To address this obstacle to joint research, the UC San Diego division of the California Institute for Telecommunications and Information Technology (Calit2) and CICESE are working with CENIC and its counterpart in Mexico, the Corporación Universitaria para el Desarrollo de Internet (CUDI), to expand available bandwidth linking researchers between the two research hubs. CUDI is responsible for research and education networking in Mexico, and the partnership is supported there by the Consejo Nacional de Ciencia y Tecnología (CONACYT), Mexico’s equivalent to the U.S. National Science Foundation (NSF). CONACYT and partners are funding a 10 Gigabit per second (Gb/s) link between Tijuana and Ensenada (where CICESE is located), and it is also funding last-mile improvements serving not just CICESE but the National Autonomous University of Mexico (UNAM) as well.
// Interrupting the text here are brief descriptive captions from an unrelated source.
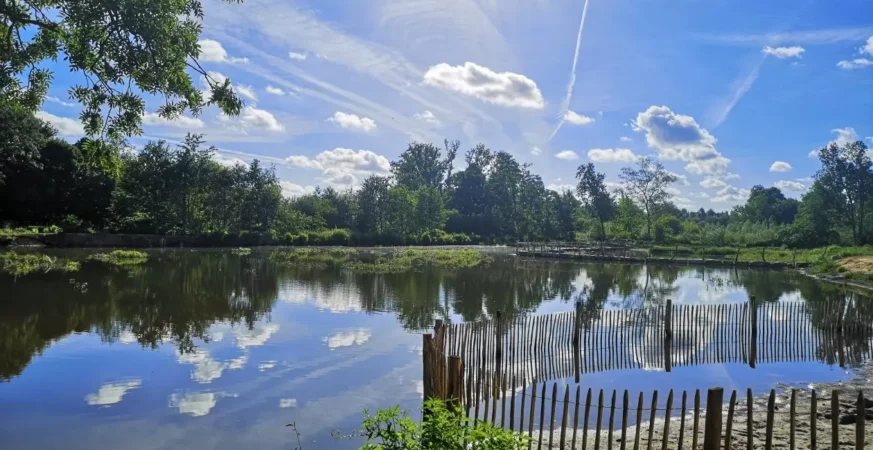 Grote Netewoud Totterpad Watermolen vijver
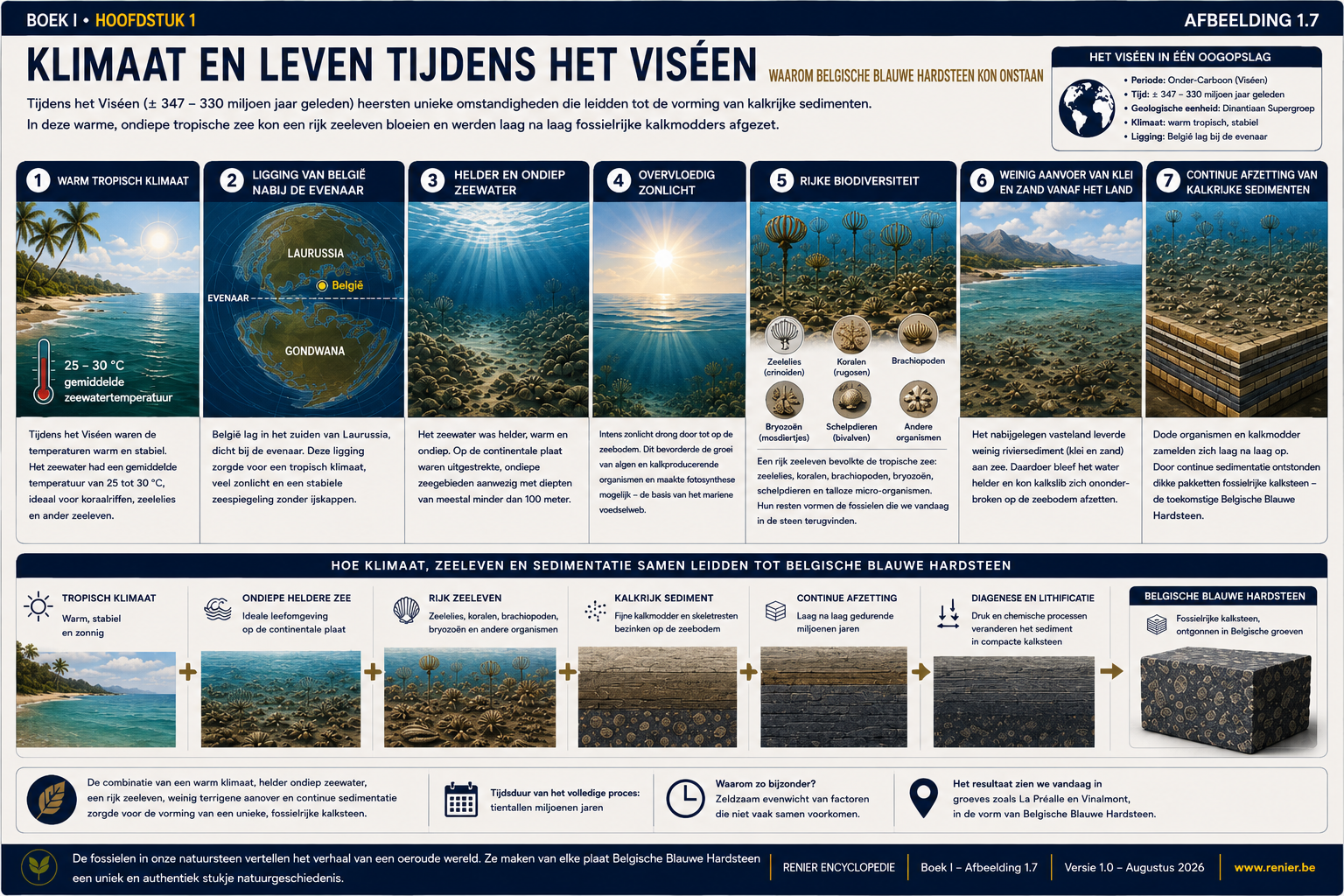 Infographie sur le climat, la vie marine et la sédimentation au cours du Viséen.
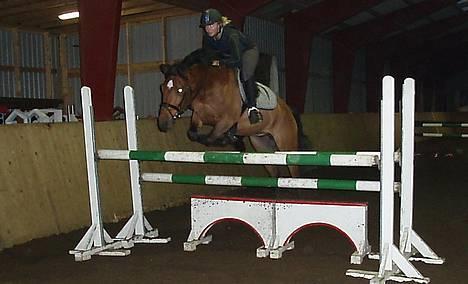 Irsk Sportspony Irish pleasure (Aflivet) - Træning billede 12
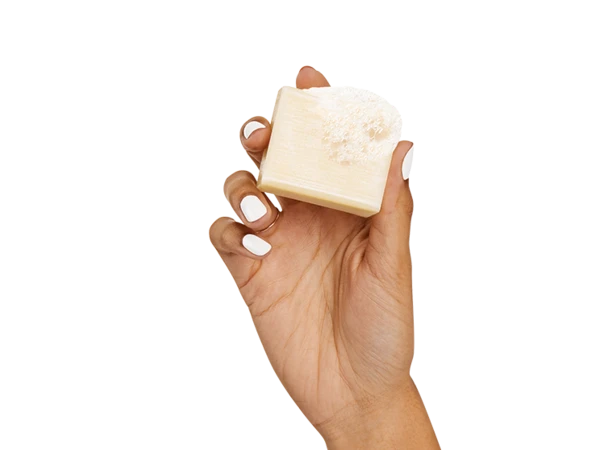 Beekman Bar - Image 2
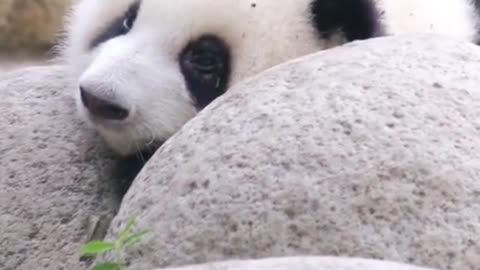 This cute panda is enjoying his life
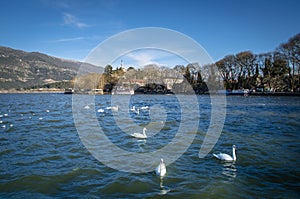 Ioannina city in Greece. View of the lake and the mosque of Aslan Pasa cami with seagulls and swans. photo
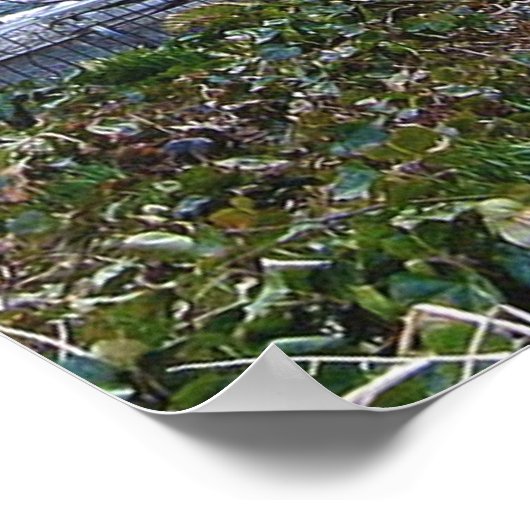 Eleanor Roosevelt Monument Poster (Ecke)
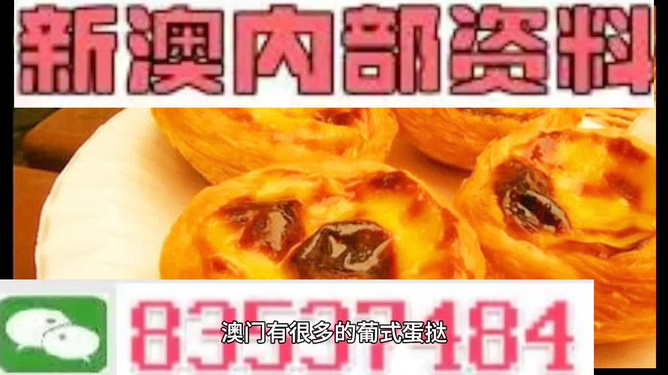 探索未來，2025新澳最新精準特色展望，2025新澳展望，探索未來精準特色發(fā)展之路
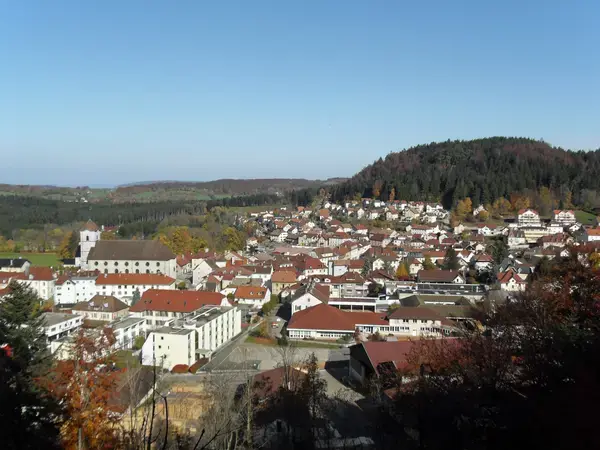 Monte Escalier Assistance Installateur Monte escalier Maîche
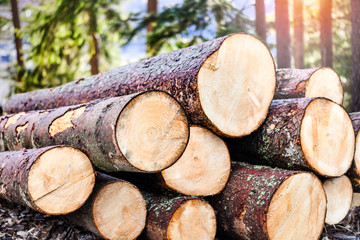 Log trunks pile, the logging timber forest wood industry. Wooden trunks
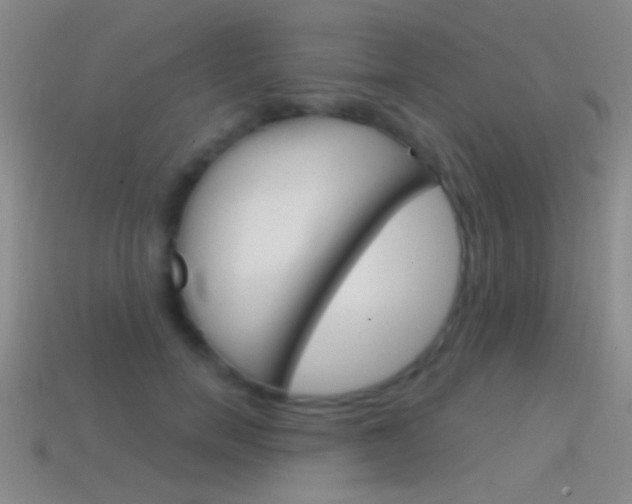 X0000114580750200910191054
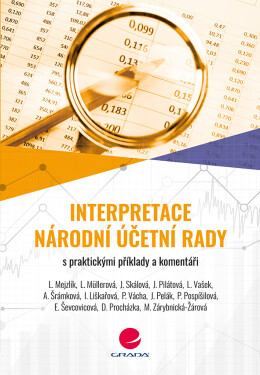 Interpretace Národní účetní rady Jana Skálová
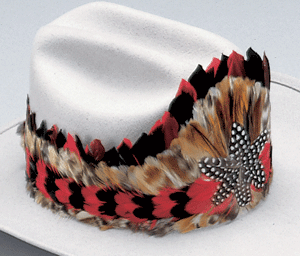 Feather hatband w/ star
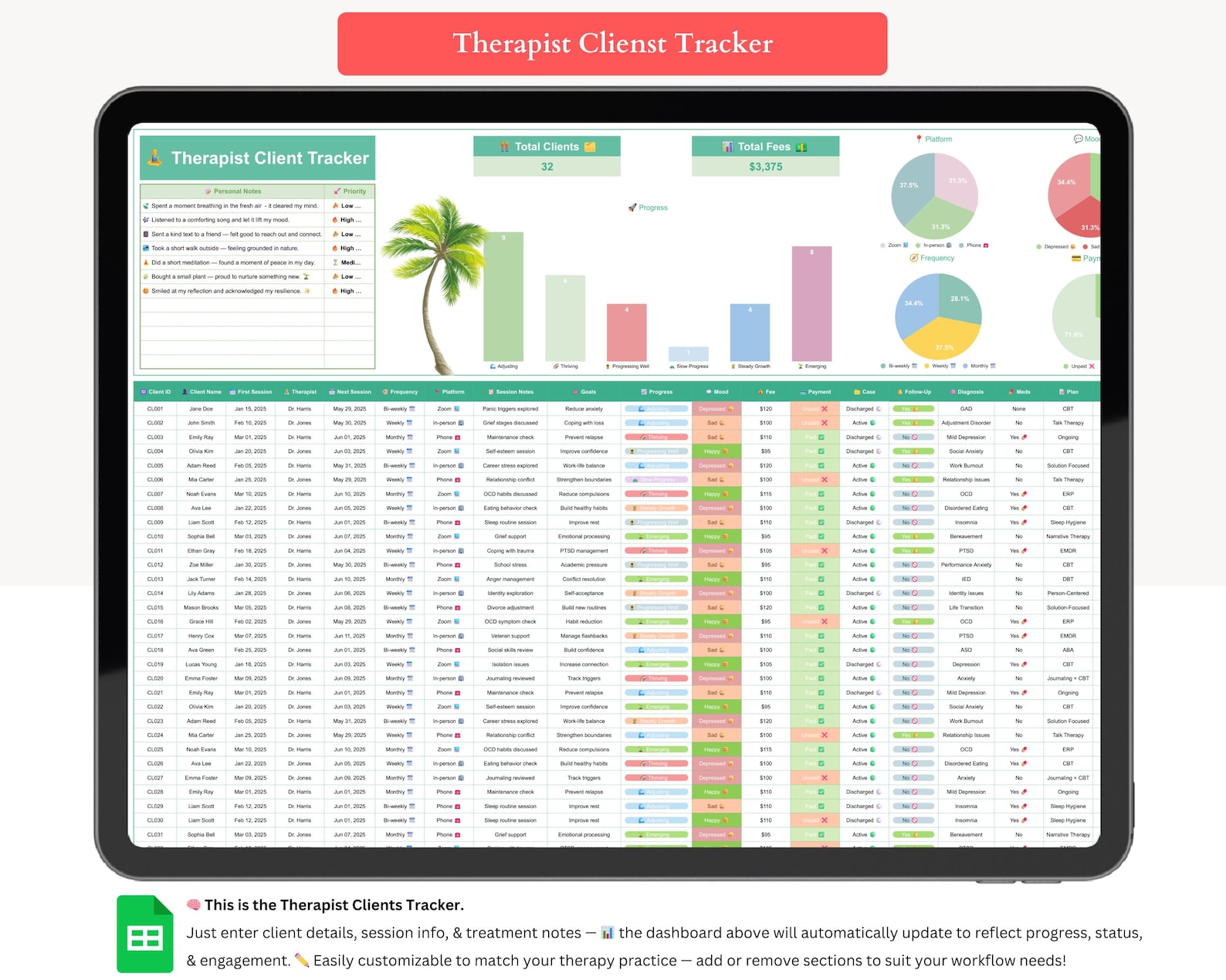 Therapist Client Tracker - Therapist Scheduler - Therapist Caseload ...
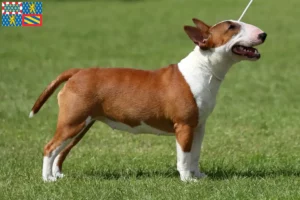 Mehr über den Artikel erfahren Miniature Bull Terrier Züchter und Welpen in Bourgogne-Franche-Comté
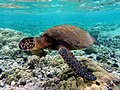 Image 36Green sea turtle (from Funafuti Conservation Area)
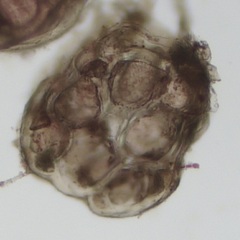 Melanothamnus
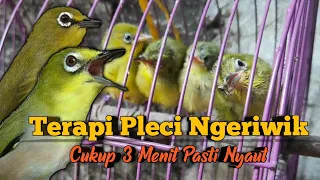 terapi pleci ombyokan agar ngeriwik buka paruh 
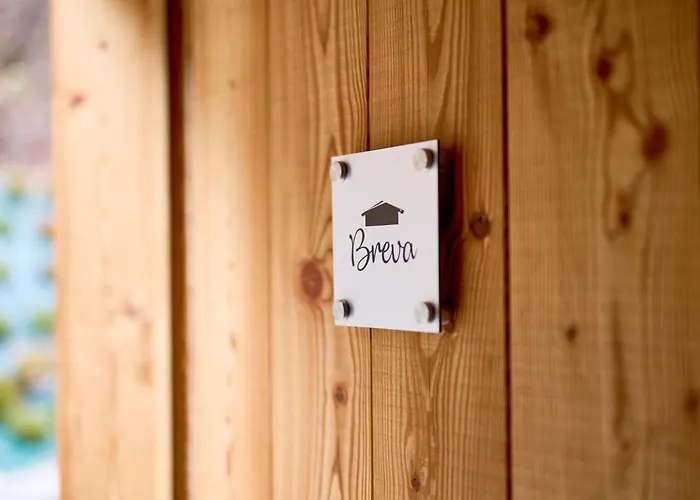 - Treeb Breva Μπελάτζιο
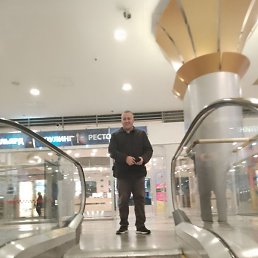 ����, �����-���������, 41 ���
Improved network bandwidth from UCSD to Tijuana is enabled by NSF funding for 10 Gb/s upgrades to CENIC networking equipment in the Tijuana Bestel POP. As a result, CENIC and CUDI will improve cross-border bandwidth to 10 Gb/s from the current 1 Gb/s, and implement a new 10 Gb/s connection between Tijuana and Ensenada. Ultimately, these improvements will enable new research collaborations between Calit2, UCSD and CICESE, and among other Mexican and U.S. institutions served by CENIC and CUDI.
Four Innovations on Networking Awards are given annually by CENIC to highlight exemplary innovations that leverage ultra high-bandwidth networking, particularly where those innovations have the potential to revolutionize the ways in which instruction and research are conducted, or where they further the deployment of broadband in underserved areas.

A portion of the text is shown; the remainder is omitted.